Two years later the Leicester and Hull Imperial Typewriter factories were closed down.
“When Littons [the US multinational that owned the factory] decided to close its two UK factories in 1974, the Leicester plant put up no resistance, while the Hull workers occupied their factory in an attempt to save their jobs. The Leicester workforce, weakened and demoralised by racist divisions, was in no position to fight back over the closure, and black and white workers alike lost their jobs.” (CIS Report 1976)

Spikymike

11 years 9 months ago

In reply to by libcom.org

Submitted by Spikymike on June 7, 2012

Perhaps it has to be accepted that, as we are starting to witness now, it is only the depth and geographical extent of the capitalist economic crisis which can provide the necessary background conditions for initially separate and localised struggles to extend over time into a generalised and more unified class based response. This still requires of course the active political agitation of organised class conscious militants to argue against the counteracting forces of isolation and dispersion of struggle. That doesn't however mean making abstract calls for class unity but recognising the practical need for self-organisation and the assertion of power in confrontation between different groups of workers in the course of struggle. (Workers addressing each other collectively and directly from a position of strength rather than weakness if you get my drift).

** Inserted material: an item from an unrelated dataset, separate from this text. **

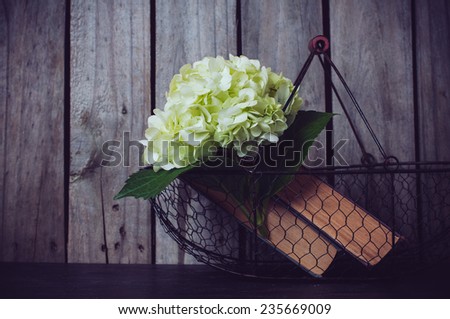 White hydrangea flowers and vintage books in a metal basket on a wooden background.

For the record the group I was involved with back in the 70's wrote about most of the small disputes referred to here including that at Hull Imperial Typwriters where I was living at the time. That dispute failed partly for the reasons mentioned of racist divisions but also as a result of other sectional, localism and political divisions (many with their roots in specific material conditions). It's worth mentioning in this context the different economic situations in Hull and Leicester with Hull, as now, being a particular 'unemployment blackspot'.

fingers malone

11 years 9 months ago

In reply to by libcom.org

Submitted by fingers malone on June 7, 2012

Hey, Spikymike, post us up more about that, please!

fingers malone

11 years 9 months ago

In reply to by libcom.org

Submitted by fingers malone on June 7, 2012

Spikymike

That doesn't however mean making abstract calls for class unity but recognising the practical need for self-organisation and the assertion of power in confrontation between different groups of workers in the course of struggle..

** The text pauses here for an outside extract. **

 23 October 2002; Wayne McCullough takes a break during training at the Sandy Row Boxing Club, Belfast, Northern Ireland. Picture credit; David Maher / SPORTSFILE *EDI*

Can you say a bit more about this Spikymike?

Spikymike

11 years 9 months ago

In reply to by libcom.org

Submitted by Spikymike on June 7, 2012

fingers,

Firstly there are two short articles on the Timex and Burnstall's s disputes under the 'Subversion' heading at:

http://forworkerspower.wordpress.com/

Unfortunately the Imperial Typwriters article is not included and I don't have the facility to post it up from the original.

PS - I'm not claiming these articles were particularly brilliant.

Regarding my comment on not approaching struggle with 'abstract calls for unity....' etc I mean that in a situation where the working class is materially stratified and divided in a whole variety of different ways overcomming those divisions requires those with less power to self organise and confront those with more power and certainly not wait on, or depend on, any level of majority support accross any particular divisions before acting. Building unity in struggle is not just about the intelectual understanding of long term common interests but a process of negotiation, 'give and take' and building respect based on strength. I recall this kind of discussion being significant in the past when considering the relationship between unemployed 'job seekers' and the civil service workers who administer benefits during the anti-JSA campaign in Britain, but it is obviously relevant in situations where minority etnic workers are being discriminated against by an unholy alliance of 'white' workers, unions and bosses. As a more extreme example, though I'm not an advocate of violence as a badge of militancy, clearly some struggles will practically advance, in part at least, only if workers are prepared for it's use in some confrontational circumstances.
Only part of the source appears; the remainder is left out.